Non-spec product (including diesel with too much sulfur) is run to slop tanks and then metered back into the incoming crude oil stream (actual input point back into the plant works varies by many factors day-to-day) to be re-refined through the plant.
Stickers put on bulk tanks are there only to protect the wholesaler and retailer from litigation / EPA in case somebody (me, for instance) checks a sample in a high-end NIST-traceable commercial lab.
Some refineries will install into their diesel stream at the sales point into tankers an admixture package if their customer is willing to pay for it. Similarly, some large regional wholesalers will custom blend admixtures into their diesel.
Some customers require a certain blended admixture package if they're running large fleets and control their own central-refueling bulk stocks.

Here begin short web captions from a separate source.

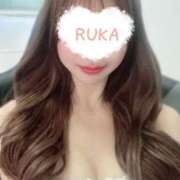 ヒメ日記 2025/08/05 23:01 投稿 るか 至福の密着エステ&禁断のM性感 Luxeaz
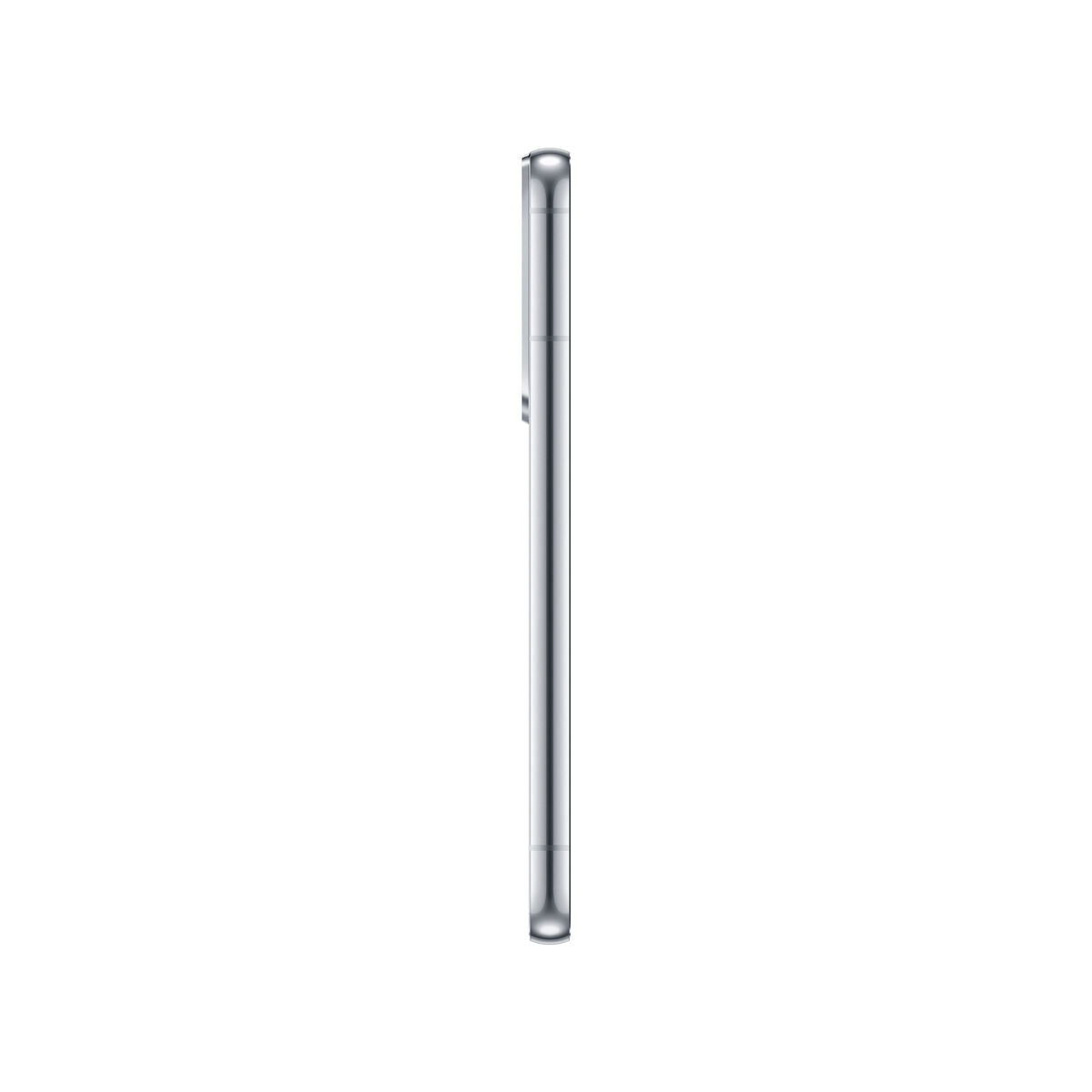 Smartphone Samsung Galaxy S22 6,1" White 8 GB RAM 256 GB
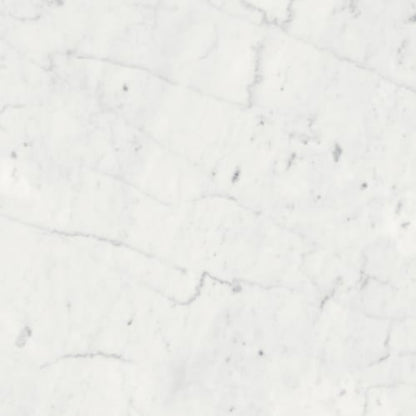 Eterna Bianco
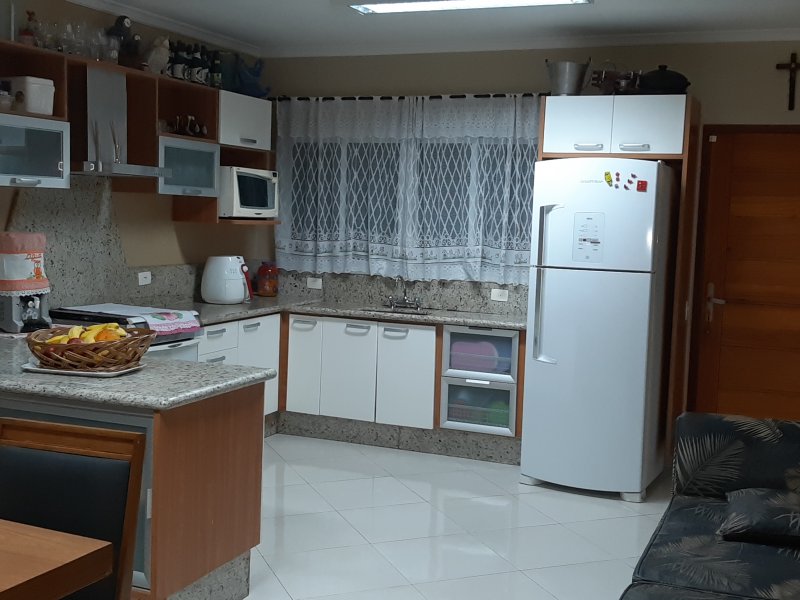 Casa à venda Vila Silvestre com 147m² e 3 quartos por R$ 499.999 - 1041283448-20210612-184409.jpg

Trade journals are full of reports about how fleets have saved serious money by controlling their fuel stocks.
It's truly not difficult. Refineries will sell to anybody that shows up with a tanker and cash (actually, you have to open an account; but 'cash' in the sense that for a one-time purchase your bank account will be debited before you leave the loading rack) and blend packages are readily available. Just like propane: if you happen to need 10,000-gals, bring 'cash' and get loaded.
Basically, it comes down to (1) buy diesel at a location with high-turnover (2) store safely (3) filter filter filter obsessively (4) use a known quality product like Stanadyne especially in older high-sulfur machines running low-sulfur fuel.
Please post back your continuing experiences so we may all learn.